(Caption-style text data)
[Start of Attachment]

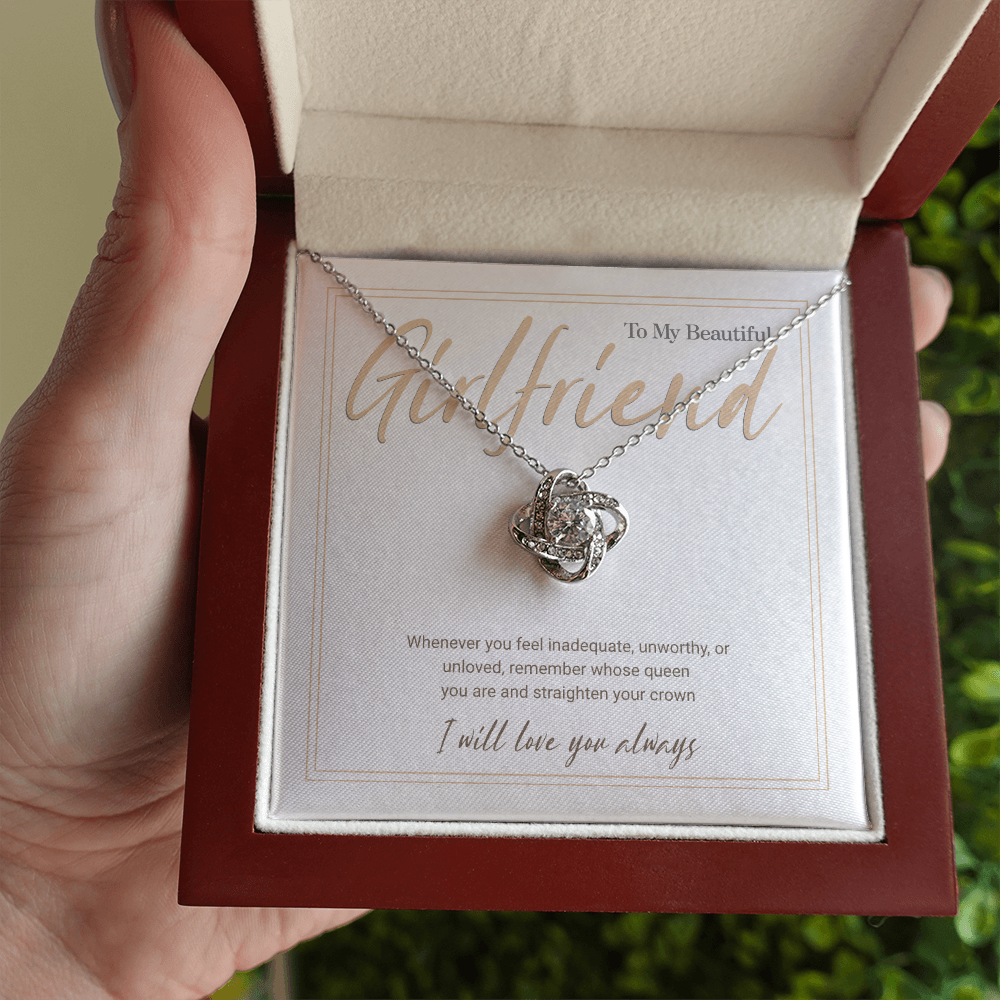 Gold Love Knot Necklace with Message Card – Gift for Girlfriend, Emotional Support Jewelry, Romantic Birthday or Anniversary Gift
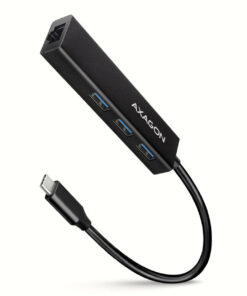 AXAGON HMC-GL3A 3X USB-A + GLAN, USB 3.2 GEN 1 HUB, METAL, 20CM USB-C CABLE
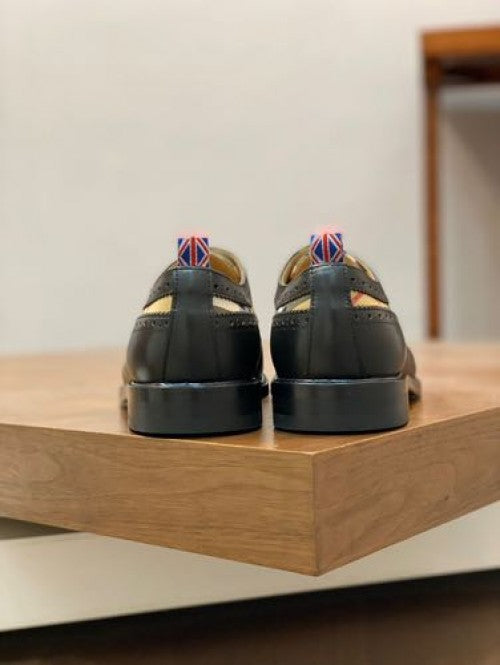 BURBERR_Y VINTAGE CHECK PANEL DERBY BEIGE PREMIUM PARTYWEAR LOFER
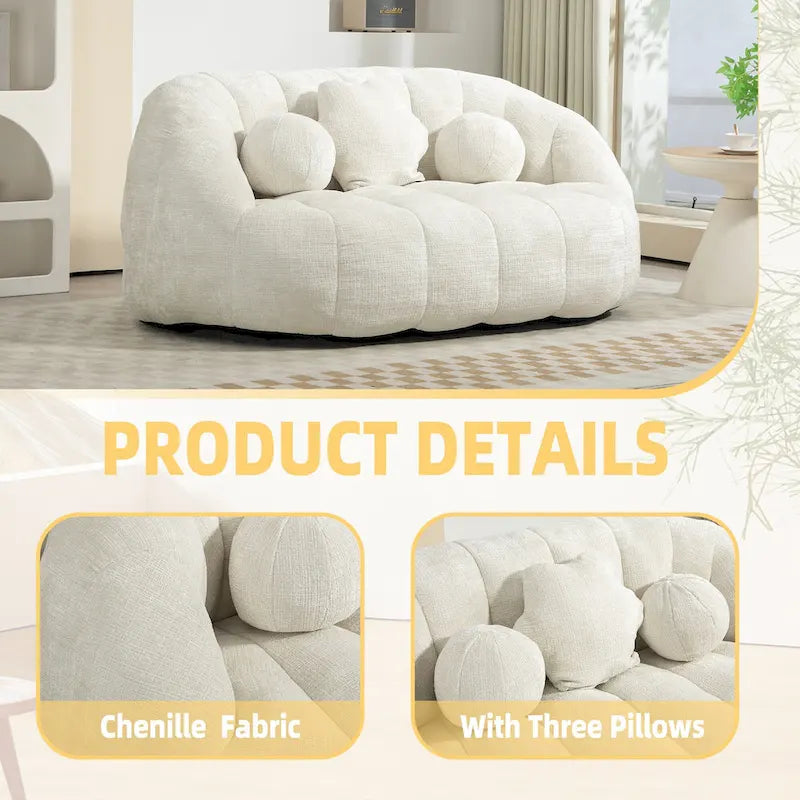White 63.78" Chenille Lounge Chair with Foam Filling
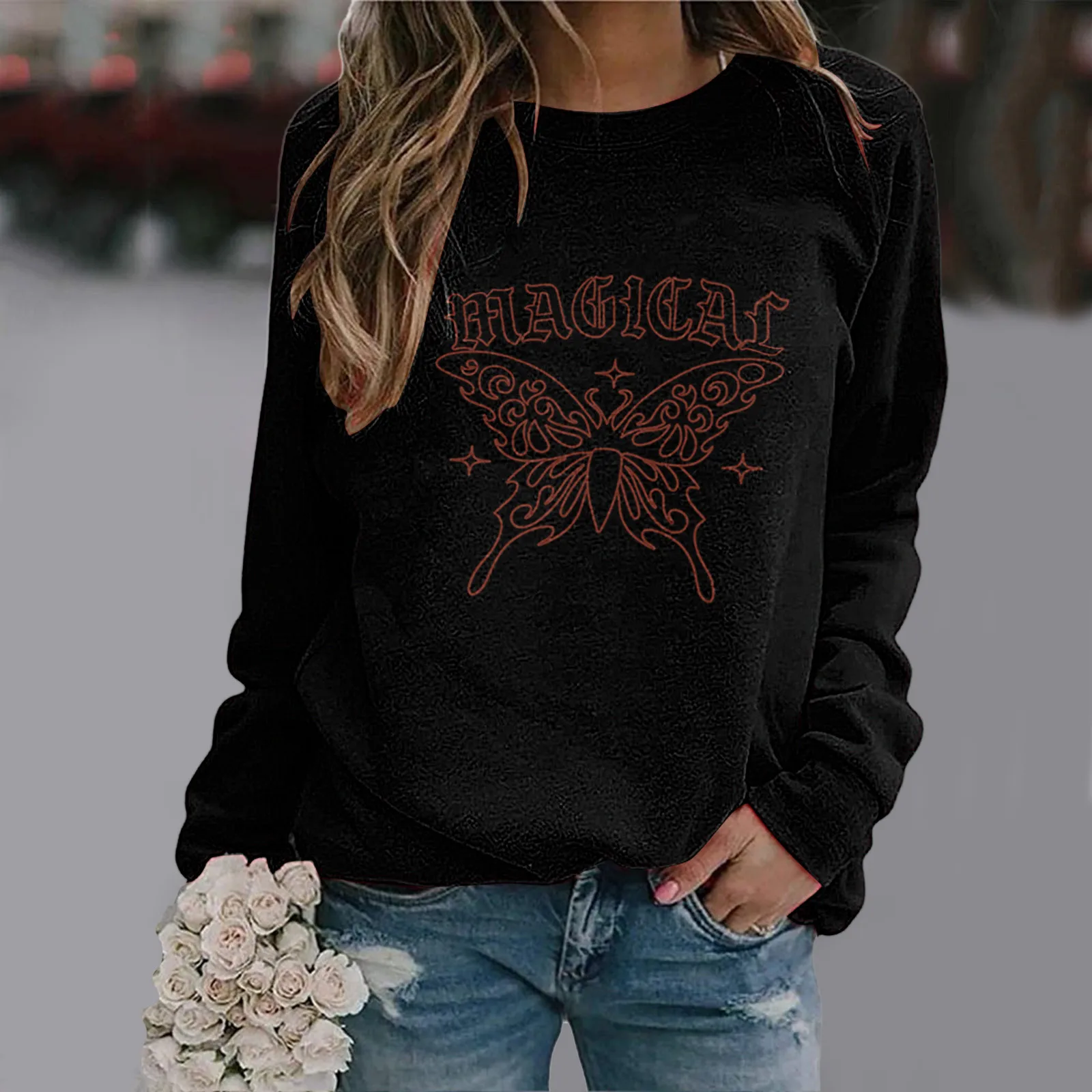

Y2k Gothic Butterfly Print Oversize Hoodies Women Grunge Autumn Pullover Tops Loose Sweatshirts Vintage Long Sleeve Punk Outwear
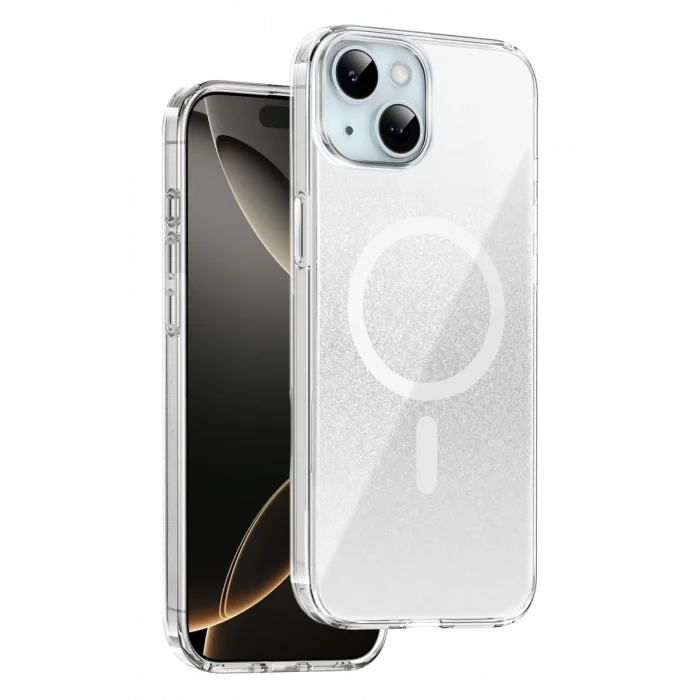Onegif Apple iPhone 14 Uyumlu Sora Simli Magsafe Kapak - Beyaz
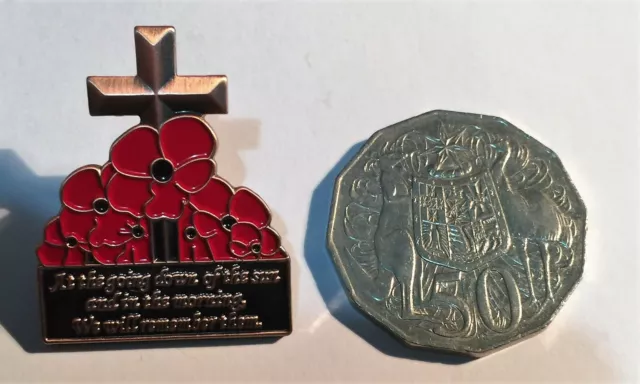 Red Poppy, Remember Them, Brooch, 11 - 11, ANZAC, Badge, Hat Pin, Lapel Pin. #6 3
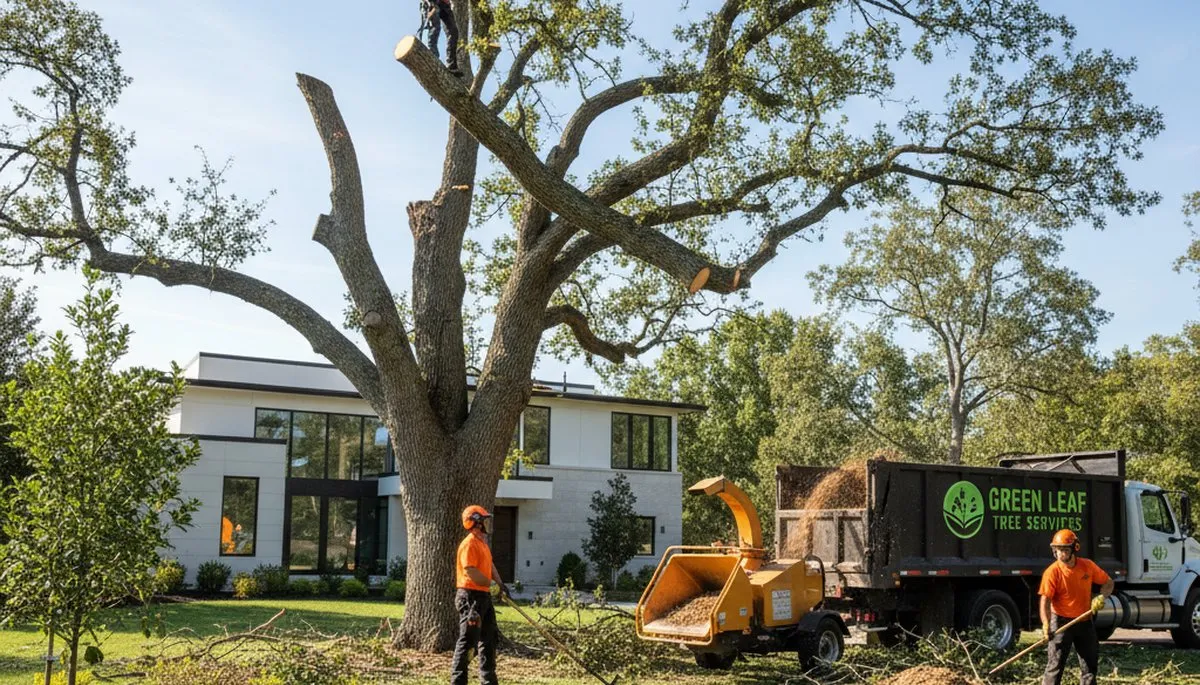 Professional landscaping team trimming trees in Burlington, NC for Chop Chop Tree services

[End of Attachment]

**Instructions for the task**:
In your copy, repeat the records above exactly and include no images.

**Solution to this problem**:
 Gold Love Knot Necklace with Message Card – Gift for Girlfriend, Emotional Support Jewelry, Romantic Birthday or Anniversary Gift
 AXAGON HMC-GL3A 3X USB-A + GLAN, USB 3.2 GEN 1 HUB, METAL, 20CM USB-C CABLE
 BURBERR_Y VINTAGE CHECK PANEL DERBY BEIGE PREMIUM PARTYWEAR LOFER
White 63.78" Chenille Lounge Chair with Foam Filling

Y2k Gothic Butterfly Print Oversize Hoodies Women Grunge Autumn Pullover Tops Loose Sweatshirts Vintage Long Sleeve Punk Outwear
Onegif Apple iPhone 14 Uyumlu Sora Simli Magsafe Kapak - Beyaz
 Red Poppy, Remember Them, Brooch, 11 - 11, ANZAC, Badge, Hat Pin, Lapel Pin. #6 3
 Professional landscaping team trimming trees in Burlington, NC for Chop Chop Tree services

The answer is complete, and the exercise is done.